BACKGROUND
Prompt correction of severe hyponatremia is important, but correction also must be limited to avoid iatrogenic osmotic demyelination. Expert opinion recommends that serum sodium level not be increased by more than 10-12 mEq/L in any 24-hour period and/or 18 mEq/L in any 48-hour period. However, inadvertent overcorrection is common, usually caused by the unexpected emergence of a water diuresis.
STUDY DESIGN
Quality improvement report.
SETTING & PARTICIPANTS
All 25 patients admitted to a community teaching hospital between October 1, 2008, and September 30, 2011, who were treated for serum sodium level <120 mEq/L with concurrently administered desmopressin and hypertonic saline solution.
QUALITY IMPROVEMENT PLAN
Concurrently administered desmopressin (1-2 µg parenterally every 6-8 hours) and hypertonic saline with weight-based doses adjusted to increase the serum sodium concentration by 6 mEq/L, avoiding inadvertent overcorrection of severe hyponatremia.
OUTCOMES
Rate of correction of hyponatremia, predictability of response to the combination, adverse events related to therapy.
MEASUREMENTS
Rate of correction of hyponatremia at 4, 24, and 48 hours; administered dose of 3% saline solution, salt tablets, and potassium; predicted increase in serum sodium level.
RESULTS
Mean changes in serum sodium levels during the first and second 24 hours of therapy were 5.8 ± 2.8 (SD) and 4.5 ± 2.2 mEq/L, respectively, without correction by >12 mEq/L in 24 hours or >18 mEq/L in 48 hours and without a decrease during therapy.
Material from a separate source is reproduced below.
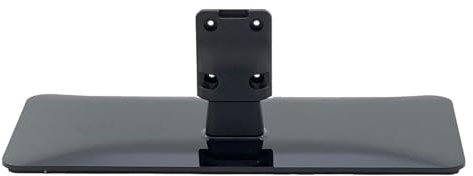 Original TV Base Stand and Neck Support with Pack of Screws Compatible with Toshiba 32LV3E63DAZ 32LV3E63DG 32WV3E63DB Smart LED (Black)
There was no significant difference between actual and predicted increases during the first 24 hours. There was no adverse effect associated with therapy.
LIMITATIONS
Without concurrent controls, we cannot be certain that outcomes are improved. Balance studies were not performed.
CONCLUSIONS
Combined 3% saline solution and desmopressin appears to be a valid strategy for correcting severe hyponatremia, but studies comparing the regimen with other therapeutic strategies are needed.